Approximately two thirds of patients participating in Phase III studies of Pfizer’s Selzentry (maraviroc) who experience treatment failure have HIV that has switched its tropism—a shift in the cellular receptors it uses to infect CD4s. While these new data further highlight an important mechanism of Selzentry-based regimen failure in treatment-experienced patients, results also show that CD4 cell counts remain increased and that such switches in tropism are often reversed after the CCR5-blocking entry inhibitor is discontinued.
The recently approved Selzentry works by preventing HIV’s entry into CD4 cells. It does this by blocking one of two receptors—called CCR5—on CD4 cell surfaces. For Selzentry to be effective, however, a person’s HIV must be tropic for CCR5, meaning that it uses the CCR5 receptor to infect these cells.
Some people have HIV that uses another CD4 cell receptor, called CXCR4. Still others have what is known as a “dual/mixed” (D/M) population of virus in their blood, referring to virus that can use either receptor or a mixture of CCR5 (R5)-using and CXCR4 (X4)-using HIV. There is some data to suggest that patients who experience a switch in their tropism—from R5-using to either D/M or X4-using HIV—progress more rapidly to AIDS.
There has also been some concern about the safety of Selzentry, given that it may exert what is known as “selective pressure” on HIV—snuffing out R5-using virus, thereby allowing D/M and X4-using virus to flourish. In turn, there are lingering questions regarding the risks of Selzentry, given the association between X4-using virus and more rapid disease progression.
The new information presented at ICAAC by Elna van der Ryst, MD, of Pfizer, based on 24-week data from the company’s MOTIVATE studies, confirm that tropism switches do arise during therapy with Selzentry and are associated with treatment failure. Of the 751 patients who began Selzentry treatment with R5-using virus—disturbingly, 8 percent of patients saw their virus switch tropism between the time they were accepted into the study and the time they officially started the trial—98 volunteers experienced treatment failure during the first six months of study therapy. Sixty-three patients had D/M or X4-using virus at the time treatment failure was documented, whereas 35 still had R5-using virus when failure was documented.

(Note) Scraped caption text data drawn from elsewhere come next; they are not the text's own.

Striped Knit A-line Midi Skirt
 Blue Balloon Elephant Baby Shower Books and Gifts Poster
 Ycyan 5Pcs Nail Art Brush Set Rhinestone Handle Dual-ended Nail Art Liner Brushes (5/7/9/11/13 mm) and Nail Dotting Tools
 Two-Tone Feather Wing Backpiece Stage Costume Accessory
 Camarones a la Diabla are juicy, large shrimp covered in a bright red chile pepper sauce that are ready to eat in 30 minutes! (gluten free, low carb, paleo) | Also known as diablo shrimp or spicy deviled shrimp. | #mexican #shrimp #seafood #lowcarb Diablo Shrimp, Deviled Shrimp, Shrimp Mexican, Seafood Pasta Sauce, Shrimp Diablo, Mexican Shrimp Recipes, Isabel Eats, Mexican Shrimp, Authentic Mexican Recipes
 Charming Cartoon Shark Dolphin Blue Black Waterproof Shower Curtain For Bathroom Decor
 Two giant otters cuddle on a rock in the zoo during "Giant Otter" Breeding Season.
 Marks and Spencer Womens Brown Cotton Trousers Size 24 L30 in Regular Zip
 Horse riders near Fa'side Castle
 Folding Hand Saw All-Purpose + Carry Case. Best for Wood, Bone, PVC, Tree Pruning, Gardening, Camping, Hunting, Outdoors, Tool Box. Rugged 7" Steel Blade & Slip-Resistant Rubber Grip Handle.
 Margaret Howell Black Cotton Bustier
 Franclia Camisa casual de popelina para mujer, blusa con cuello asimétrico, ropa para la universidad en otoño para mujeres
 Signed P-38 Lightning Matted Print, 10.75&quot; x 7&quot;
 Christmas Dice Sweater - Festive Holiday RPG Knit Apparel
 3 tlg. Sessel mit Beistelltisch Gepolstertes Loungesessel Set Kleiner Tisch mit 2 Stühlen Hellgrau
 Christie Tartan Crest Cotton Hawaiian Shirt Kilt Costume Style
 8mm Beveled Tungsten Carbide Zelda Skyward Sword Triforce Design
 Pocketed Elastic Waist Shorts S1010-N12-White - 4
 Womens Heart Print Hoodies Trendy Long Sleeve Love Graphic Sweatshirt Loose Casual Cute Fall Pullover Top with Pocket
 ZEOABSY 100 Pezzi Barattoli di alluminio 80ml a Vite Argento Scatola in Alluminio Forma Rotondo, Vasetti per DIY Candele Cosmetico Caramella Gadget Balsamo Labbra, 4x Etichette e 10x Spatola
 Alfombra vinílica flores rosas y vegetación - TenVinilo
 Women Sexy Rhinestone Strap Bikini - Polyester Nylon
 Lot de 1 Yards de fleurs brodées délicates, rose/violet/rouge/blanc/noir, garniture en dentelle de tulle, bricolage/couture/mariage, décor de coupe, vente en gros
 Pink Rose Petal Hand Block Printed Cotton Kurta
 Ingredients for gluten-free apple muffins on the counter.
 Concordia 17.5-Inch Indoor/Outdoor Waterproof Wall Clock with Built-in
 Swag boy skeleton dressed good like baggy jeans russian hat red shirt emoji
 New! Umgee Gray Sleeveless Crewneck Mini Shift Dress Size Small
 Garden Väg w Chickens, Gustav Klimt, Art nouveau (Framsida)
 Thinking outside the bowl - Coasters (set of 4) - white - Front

A negative consequence of tropism switches is early treatment failure. Among those who experienced a tropism switch, 62 percent saw rebounds in their viral loads within 70 days, compared to 37 percent of those who maintained R5-using virus.
Additional data help to offset concerns of more rapid disease progression among patients who experience tropism switches while on Selzentry. Among those who maintained R5-using virus at the time failure was documented, CD4 counts were 61 and 138 cells higher in the once- and twice-daily Selzentry groups, respectively, compared to 15 cells higher in the placebo group. As for those who had documented tropism switches at the time failure was documented, average CD4 counts were still above baseline: an average 37-cell increase in the once-daily Selzentry groups, a 56-cell increase in the twice-daily Selzentry groups and a 67-cell gain in the placebo groups—with no statistically significant differences.
Dr. van der Ryst also noted that patients who had D/M or X4-using virus were no more likely to develop a new sign or symptom of AIDS, such as an opportunistic infection or a CD4 count below 200 cells, than those who maintained R5-tropic virus—further evidence of Selzentry safety, even when such switches occur.
Also of interest was the finding that many patients found to have D/M or X4-using virus during the study reverted to R5-using virus after Selzentry treatment was discontinued. Among 44 patients who experienced such tropism switches, stopped Selzentry and agreed to remain in the study, 30 had only R5-using virus in their blood at the time of their last study visit—approximately 203 days after starting the trial. While this finding suggests that retreatment with Selzentry—or another CCR5-blocking entry inhibitor—may be possible, this has not yet been tried.
van der Ryst E, Westby M. Changes in HIV-1 co-receptor tropism for patients participating in the maraviroc Motivate 1 and 2 clinical trials [Abstract H-715]. 47th Interscience Conference on Antimicrobial Agents and Chemotherapy, Chicago, 2007.